Leur principale attention était d’examiner en quoi leur ennemi
pouvait avoir de la supériorité sur eux, et d’abord ils
y mettaient ordre. Ils s’accoutumèrent à voir le sang et
les blessures dans les spectacles des gladiateurs, qu’ils prirent des
Etrusques.
« Les épées tranchantes
des Gaulois, les éléphants de Pyrrhus, ne les surprirent
qu’une fois. Ils suppléèrent à la faiblesse de leur
cavalerie, d’abord, en ôtant les brides des chevaux, pour que l’impétuosité
n’en pût être arrêtée ; ensuite, en y mêlant
des vélites. Quand ils eurent connu l’épée espagnole,
ils quittèrent la leur. Ils éludèrent la science
des pilotes par l’invention d’une machine que Polybe nous a décrite.

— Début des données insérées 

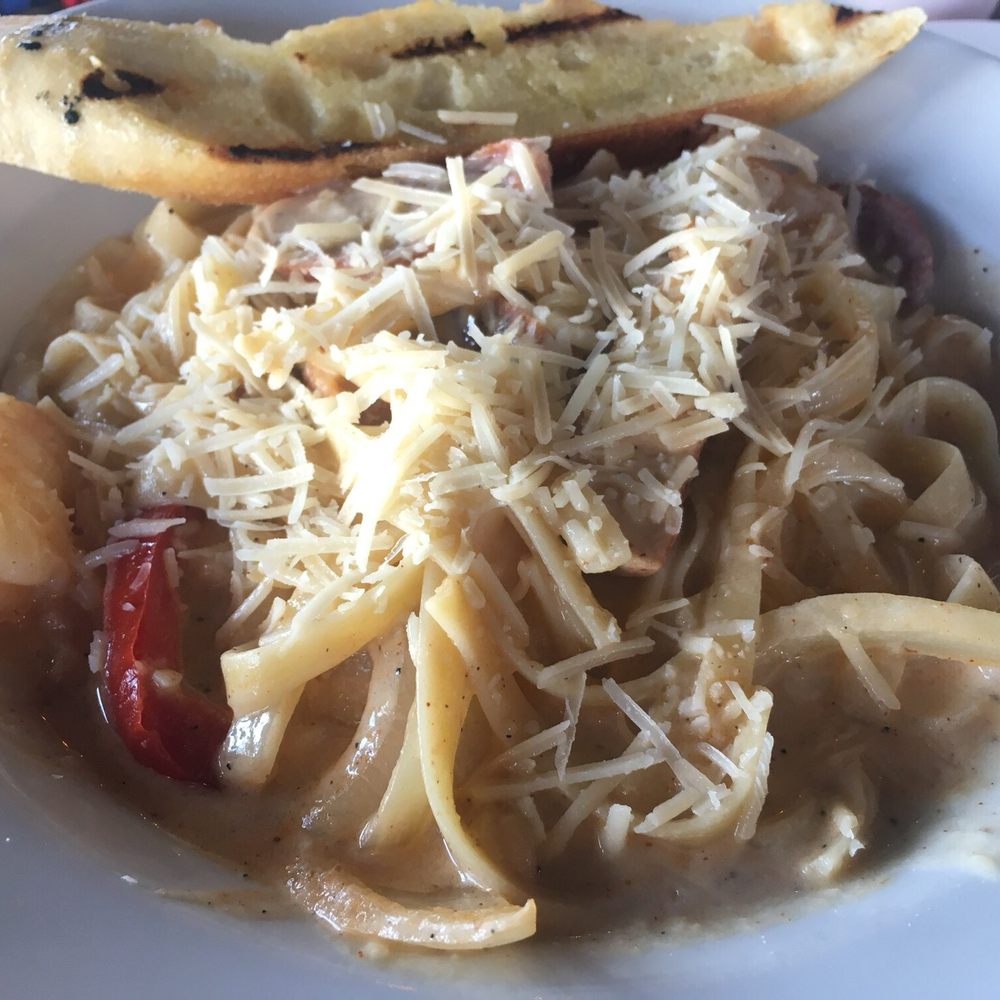 Havana's - French Quarter pasta--that skinny piece of garlic bread was soooo delicious. - Seafood Near Me - Carolina Beach, North Carolina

Enfin, comme dit Josèphe, la guerre était pour eux une méditation ;
la paix, un exercice.
« Si quelque nation tint de la Nature
ou de son institution quelque avantage particulier, ils en firent d’abord
usage ; ils n’oublièrent rien pour avoir des chevaux numides,
des archers crétois, des frondeurs baléares, des vaisseaux
rhodiens.
« Enfin, jamais nation ne prépara
la guerre avec tant de prudence et ne la fit avec tant d’audace. »
Considérations
sur les causes de la grandeur des Romains et de leur décadence,II.